It’s entirely possible he could wake one morning between now and March 17 and write a letter to all the U.S. bishops insisting that, actually, he’s the High Grand Panjandrum of St. Patrick’s Day. We’ll just have to wait and see.

If you’re not sure what I am talking about, you should really read this analysis by JD. Really.

The Archbishop of Canterbury, Justin Welby, has been having a rough few weeks. The General Synod of the Church of England (which is a legislative body) voted recently to bring in church blessings for same-sex unions, and it seems to have upset just about everyone in global Anglicanism.

Conservatives, both in England and most especially in Africa (where the Anglican communion’s largest provinces are) have denounced it as a denial of basic Biblical teaching and the nature of marriage. Progressives, including UK politicians, are furious that the CofE didn’t go all the way and endorse same-sex marriages.

In the middle of all this, trying to keep the worldwide Anglican communion together, is Welby. Having already promised he wouldn’t perform and same-sex blessings himself, this week he offered to remove the office of Archbishop of Canterbury as one of the global points of communion for Anglicans.

For Catholics thinking about our own global synodal process, and the moves by a few prominent cardinals and European bishops’ conferences to use it to bring these same kinds of blessing in, it’s easy to wonder if we aren’t heading in the same direction.

In an analysis this week, I looked at the similarities and differences between Welby’s increasingly desperate efforts to avoid an Anglican schism and asked if Pope Francis can avoid falling into the same trap.

I think he can — but he can’t avoid schism by doing nothing. At least not for very long.


The truth is out there

I don’t know how closely you have been following the great balloon scare of 2023. I’ve been dipping in and out enough to know the Top Gun boys have iced a few of these things in the last few weeks, but the government isn’t exactly sure, or being exactly straight, about what they are or where they all came from.

I confess, I kind of checked out of the coverage when the White House started saying pointedly that there was no reason to believe the flying objects were from outer space.

We all know that whenever anyone from behind a podium starts talking about UFOs, the nutters are going to come rolling out of the Nevada desert to talk about aliens and government conspiracies. It’s just a fact of life.

But while it isn’t going to hold my attention as “hard news,” you know what? I kind of love it.

UFO nuts are, by and large, America’s great eccentrics. A little cracked, to be sure. But they are harmless fun, and an often entertaining reminder that we don’t actually know everything about what’s out there.

Case in point: this week, a friend sent me a link to a video by a guy called Taylor Marshall, or Doctor Taylor Marshall, as he apparently likes to be called.

Marshall has some half a million subscribers on YouTube, and makes daily to-camera videos addressing the most pressing Catholic news of the day, like “Was Pope Francis arrested during a blackout at the Vatican?

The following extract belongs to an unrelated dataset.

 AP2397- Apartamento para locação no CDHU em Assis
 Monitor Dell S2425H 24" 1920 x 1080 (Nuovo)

This week, he posted a video in which he discussed a report in the Wall Street Journal about a new task force, formed to study the surprising number of Chinese spy balloons and various other who-knows-what contraptions, which the Air Force has been knocking out of the sky.

“This my friends,” he opens by saying, “is a complete psy-op. A psychological operation to distract you and deceive you.” More on this later, though I note that he doesn’t say what exactly we’re supposed to be distracted from.

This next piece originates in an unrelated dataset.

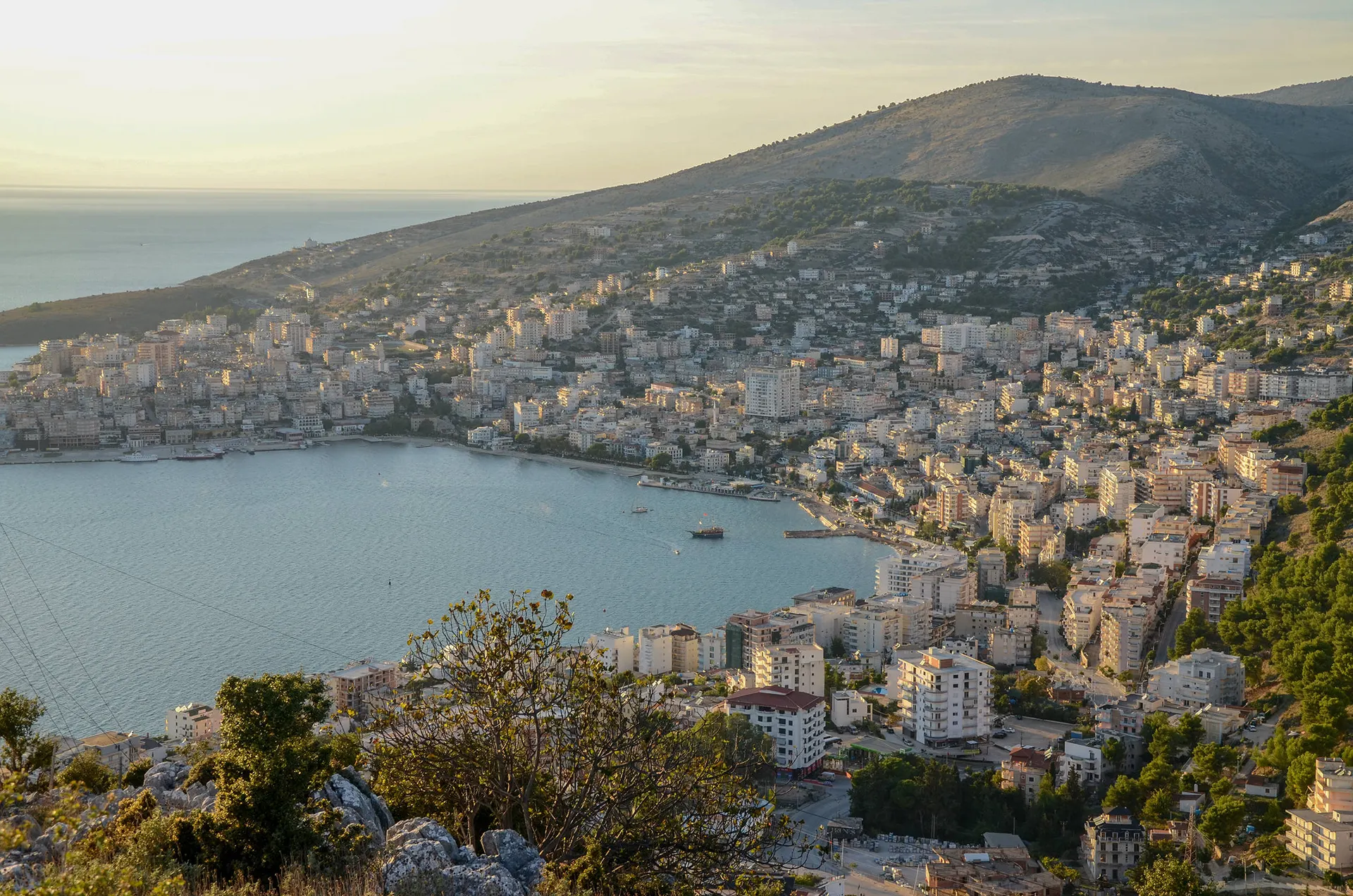 Vlorë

But he does say something pretty interesting.

“We are going to talk about what are aliens, and what are UFOs,” he says, while reading from the WSJ piece.

“Let me tell you what an alien is,” he continues. “An alien is a demon.”

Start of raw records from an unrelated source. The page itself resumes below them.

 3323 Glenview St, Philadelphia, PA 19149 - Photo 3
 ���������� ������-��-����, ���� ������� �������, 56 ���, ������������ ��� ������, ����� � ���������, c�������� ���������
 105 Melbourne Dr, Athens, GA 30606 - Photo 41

Now, I want to pause for a moment here and make one thing clear — demons are, in fact, very real. And messing around with that stuff, or taking it lightly, is a seriously bad idea. I know priests who’ve trained and worked as exorcists, and there is nothing funny about what they have seen and been through. This isn’t that.

Marshall goes on to claim that for centuries “everyone” knew that any non-human “personage” with “form and intelligence” was either an angel or a demon.

Belief in extraterrestrials, he says, is just a product of Western secularization, a way of sublimating what we all used to know was really up there, which we apparently started doing in the 1950s.

This is, as the kids say, “big, if true,” even if it seems a little unfair to HG Wells, who was writing about such aliens in the 19th century, and didn’t seem to think they were demons.

Marshall offered some Biblical proof-texting for his thesis that the U.S. government is trying to run a “psy-op” on the American people to distract them from the demonic reality above our heads.

I’d try to parse it for you, but the logic was a little hard to follow — “trans” alien locusts in the book of Revelation did make an appearance, though.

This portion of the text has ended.